Earth’s magnetic field is getting weaker
A part of the earth’s magnetic field is weakening, and no one really knows why.
Satellite data has revealed a rather worrying development that the magnetic field is weakening between Africa and South America. Scientists say the area known as South Atlantic Anomaly has significantly widened over the past few years. The European Space Agency’s (ESA) Swarm constellation of satellites have noticed a reduction in the strength from around 24,000 nanoteslas to 22,000 nanoteslas.
The earth’s magnetic field is generated by movements within the planet’s molten iron core. This emerges and goes as far as providing a shield for earth in space and protects the living beings from the harmful radiation of the sun.
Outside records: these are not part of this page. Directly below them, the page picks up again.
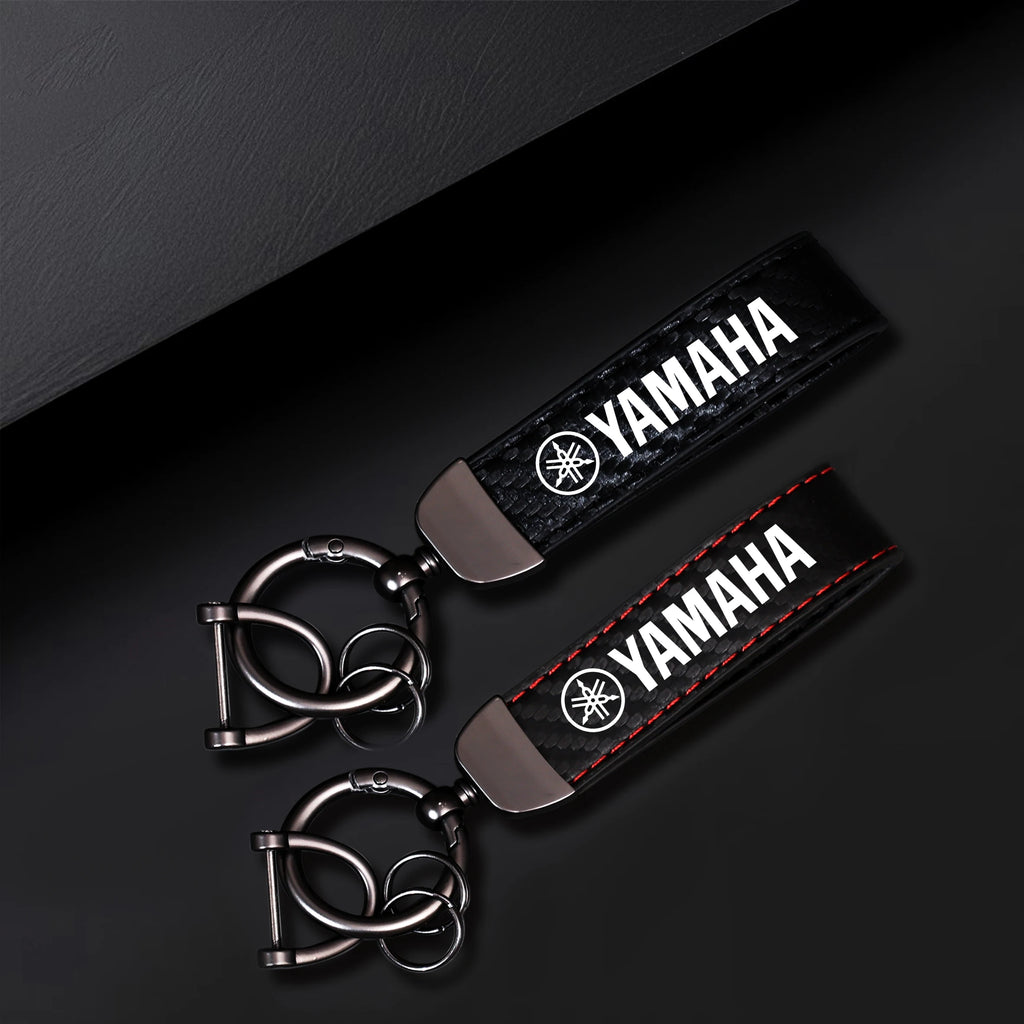 Smooth Alloy Motorcycle Keychain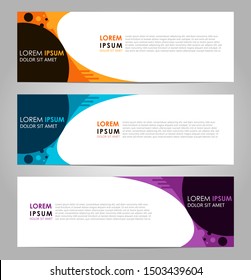 Business Vector abstract banner design template. Collection of web banner template. Abstract geometric web design banner template. can used for header, footer, layout, letterhed, landing page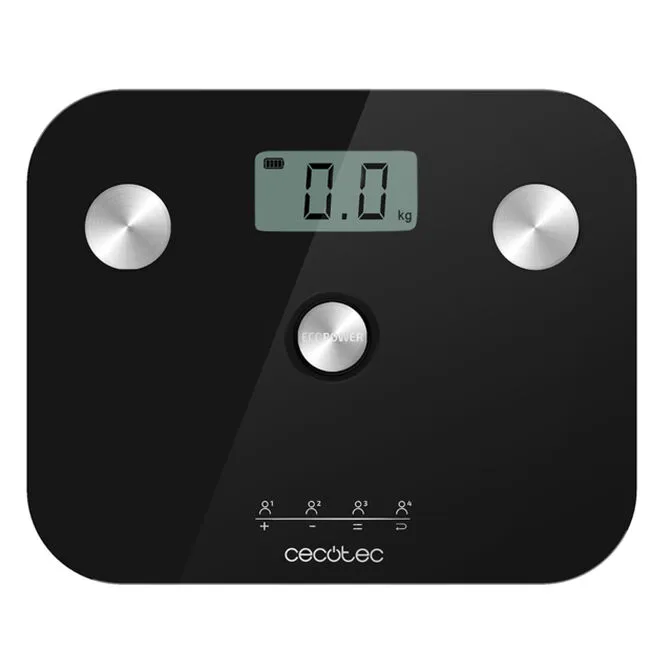 Balança de Banho Cecotec Surface Precision EcoPower 10100 Full Healthy Preto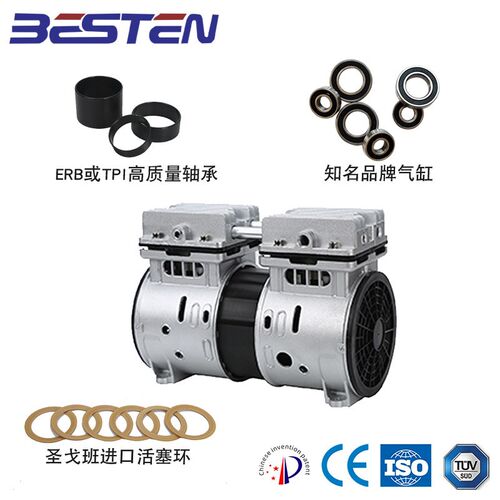 BST550AF静音实验室无u空油压机头工厂高品质更静更洁净AC220V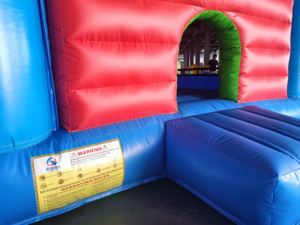 Castillo Inflable de PVC de 8x4m con Tobogán, Diseño de <span class=keywords><strong>Bob</strong></span> <span class=keywords><strong>Esponja</strong></span>, para Alquiler en Fiestas Infantiles, Uso Comercial - Product Image 4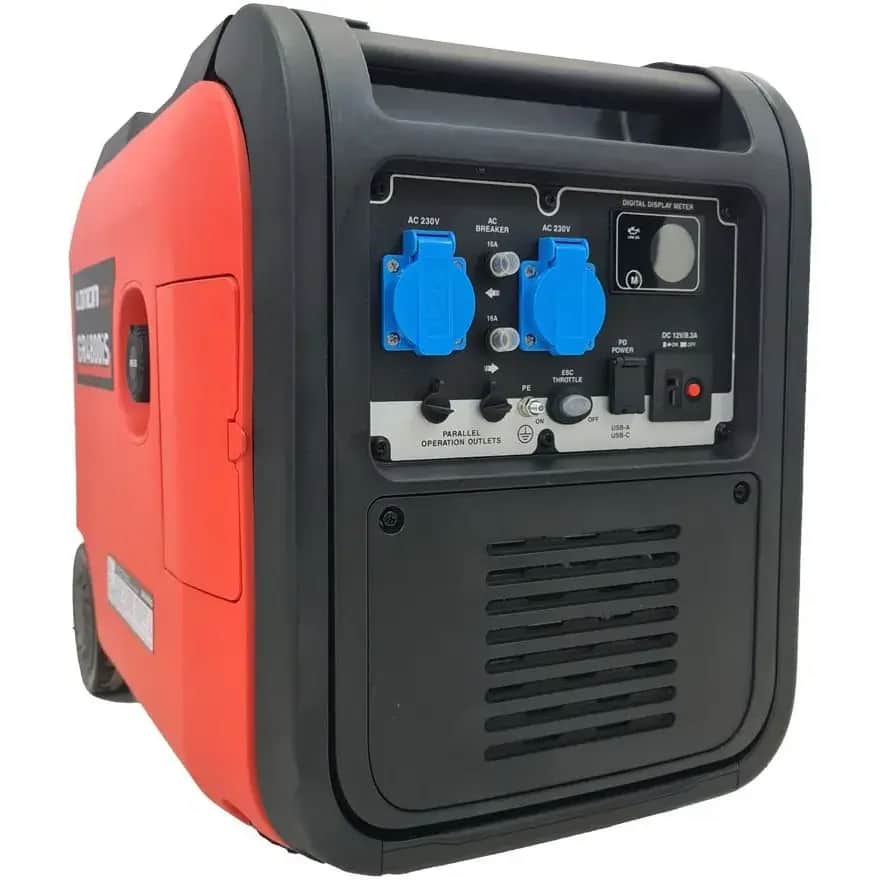 موتور برق سایلنت لانسین مدل GR4800IS ظرفیت ۵ کیلووات اینورتر - تصویر 1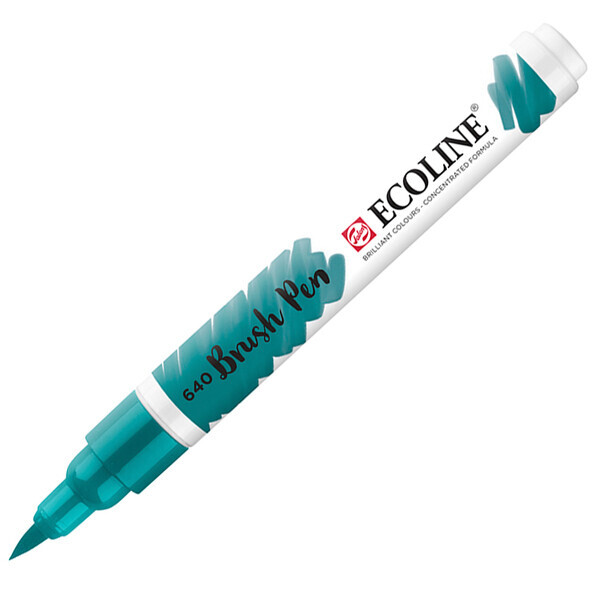 

Пензель-ручка Ecoline Brushpen (640), Блакитно-зелений, Royal Talens (11506400)
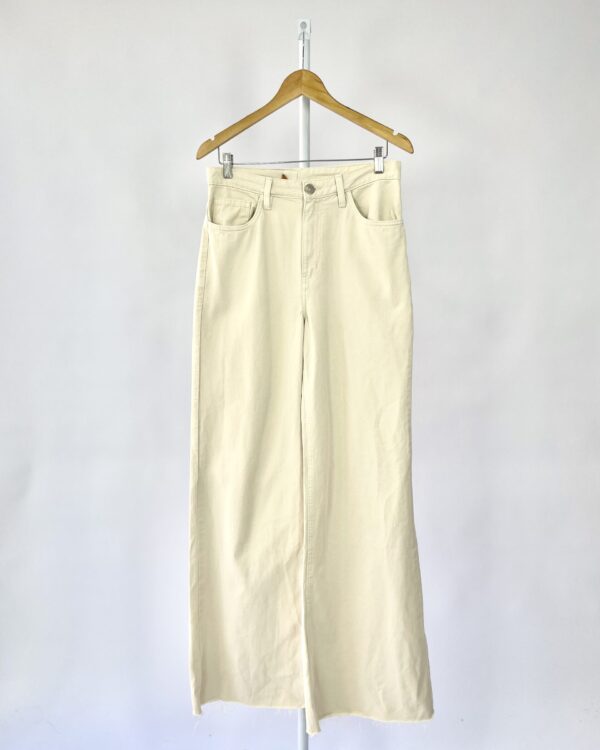 Calça wide leg off white ANIMALE - 42 - VENDIDO SIST OTO
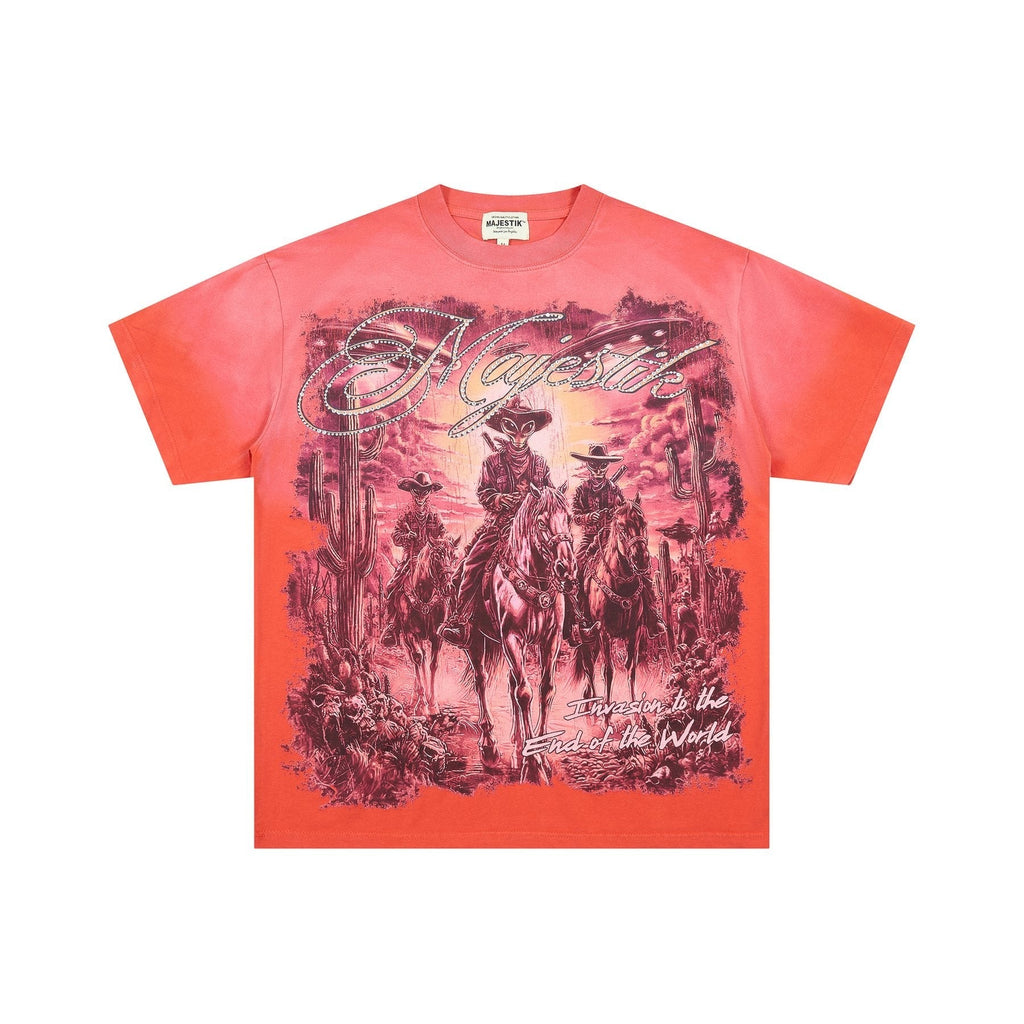 MAJESTIK Western UFO Graphic T-Shirt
A stronger magnetic field blocks out more radiation from reaching the earth’s surface.
The reasons for this weakening magnetic field in the region could indicate an imminent reversal, where the North Pole and the South Pole switch. Scientists say this has happened before as well and happens roughly every 250,000 years.
The reversal could mean a change in how the magnetic field protects the earth from harmful cosmic radiation as well as space winds. Satellites could be rendered in-operational, which could have significant disruptions for communication systems around the world, including telecom networks and mobile phones. Scientists say spacecraft flying through the area are more likely to experience technical malfunctions.
This is set to rumble on, quite literally, because magnetic field reversals don’t usually happen in a day. But if things are indeed headed towards the North Pole and the South Pole swapping places, you probably wouldn’t want to be around to witness it.
Movies like Absolute Zero (2006) and Polar Storm (2009) have shown the disaster caused to the earth due to magnetic field reversal.